I never know what I’m thinking until I start writing it down. There is a sense of something I want to explore, but I find the distance between what I think I think and the finished article is usually about the width of the Grand Canyon. I always make sure to be prepared for a writing session by:
A) Stocking up on tea bags
B) Forgetting where I left the laptop charger
C) Putting off chores so I can abandon writing for an hour or two while I clean out the oven
D) Searching thesaurus.com for, uh... clever words (sorry, my internet is down today)
What usually begins as floundering in the deep end develops into confident strokes as ideas begin bubbling to the surface from the same depths of the brain that casually remind me in Tesco that I was supposed to pick up lemons.
This resurfacing is what I love most about writing these articles: it encourages every book (even the unfinished ones), every film (even the dumb ones), every lecture (even the dull ones), every experience (even the forgettable ones) to reappear. It surprises me that so much can leave a trace behind, sometimes so deeply that I can recall the experience as vividly as it originally happened, or so lightly that I mistake a line from a long forgotten book as my own. Traces are written all across us, physically and mentally, but they are also etched across the world.
Recently, I assisted Bridport documentarian Rob Jayne to film the Portland Players' performance of ‘Heart of Stone’, an epic poem/love letter to Portland’s history and the master stonemasons who spent their life digging out the infamous rock. The rehearsals took place in the Old Engine Shed, built by prisoners of the peninsula, which contained stone slabs imprinted with the footprints of dinosaurs. It is quite something to see a momentary step of a creature from a timescale beyond comprehension while the words of stonemasons long since passed echo around you. Traces can be ephemeral, like a fast-fading image drawn in condensation on a window pane, imperceptible and seemingly lost until revealed by heated breath.
Our latest publication of MOOP explores the theme of traces and the multifaceted ways this can affect both our internal selves and the external world around us. In the non-fiction segment, we have several pieces so excellent I am unnerved to share magazine space with them. Fred Warren’s urgent piece details his experience at a rewilding project and the desperate need to bring back the ghosts of Britain’s decaying ecosystem. Grace Crabtree explores the fascinating intersection of place and memory by examining Ernest Hemingway’s idolisation of his youth in 1920s Paris. Tom Beed delivers a blistering article about the recent devastating usurpation of power in Afghanistan. And in my article, ‘Fingerprints’, I take a look at the enjoyable, tactile quality of imperfect art.
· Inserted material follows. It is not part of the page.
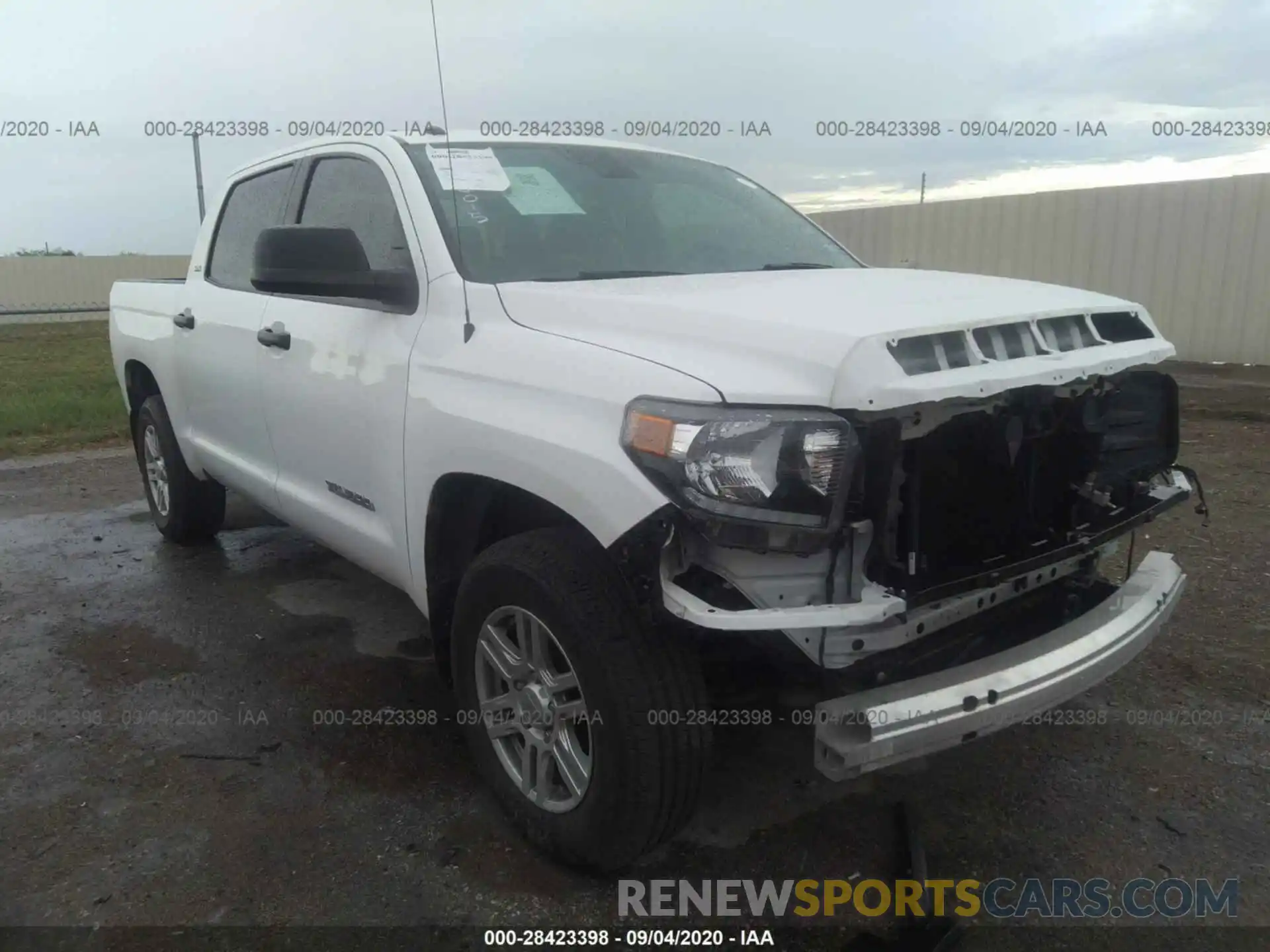 1 Photograph of a damaged car 5TFEM5F18KX136961 TOYOTA TUNDRA 2WD 2019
In our fiction section, we have my favourite story so far from Stefan Matthews titled ‘The Case of the Blind Venetian’, a hilarious parody of hard-boiled noir with all the usual suspects. Also featured are two wonderful new poems and an introduction to the visual world of artist Lucinda Purkis.
Thank you so much for picking up this publication – I hope you thoroughly enjoy it and I hope, most of all, we are able to impart a trace, even if you aren’t yet aware of it.